I don't have any real good reason for necroing this thread, but where else am I gonna put all my enthusiasm?
I bought a pair of 103s a year or two ago for my dad not knowing what to expect; played some really low Skream for the seller and got him to drop the price when one of the woofers started to rattle. Once i got around to playing some real music on them i was pretty impressed, but i DID buy them for my dad, so i had to leave them at home and didn't get to fully appreciate them right away...
Fast forward a year or so, and my like-minded friend is in the basement on holiday listening to the 103s. A lightbulb goes on, and he realizes he has no fewer than FOUR avid 102s sitting in the garage of the mouldering property his parents had just bought (it helps that we're from Rhode Island). So we each took a pair, I recapped mine, and wow... every day I fall more in love with them. No, they still can't really play Skream, but "Jazz at the Pawnshop" was a more realistic saxophone than i could imagine coming from a speaker without an actual midrange, and my like-minded friend has gotten good results out of Cowboy Junkies and Regina Spektor.
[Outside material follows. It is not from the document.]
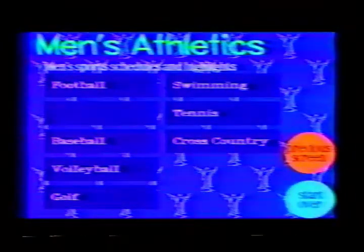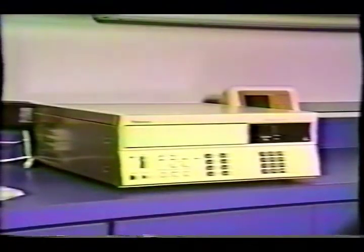For example, if on the men's sports screen I choose basketball, I have a choice between the team schedule or highlights, which are presented using optical disc technology.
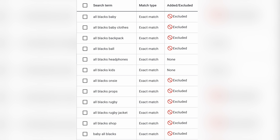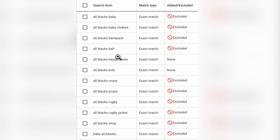Let's get straight into that example. I'm going to show you the effect on a search campaign and a shopping campaign. These were the actual keywords we were targeting: All Blacks headphones and All Blacks kids. With Google changing the exact matching from these actual keywords and moving it to intent, you can see all of these other non-related keywords start entering into our search terms — things like All Blacks baby clothes, All Blacks backpack, All Blacks ball, All Blacks onesie, and even All Blacks props and All Blacks rugby jacket.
Someone in this thread described them as 'polite,' I'd go a step further and say they're exceedingly gracious :tongue:- always clear my palate after more imposing systems. Back on the 103s, Traffic's "the low spark of high heeled boys" had as lively toms, clear vocals, and detailed piano as a pair of thousand dollar Genelec monitors, paired with a Pioneer sx-303 and a Denon DP 31L - even my 'these cheap bose sound fine' dad was blown away.
In the two way category my ADS L620s do go lower, and sound better with Squarepusher and the like, but for realism and warmth the Avids make them sound silly... and all for cheap as free. Really loving these speakers, and would pick up anything by Avid in a heartbeat.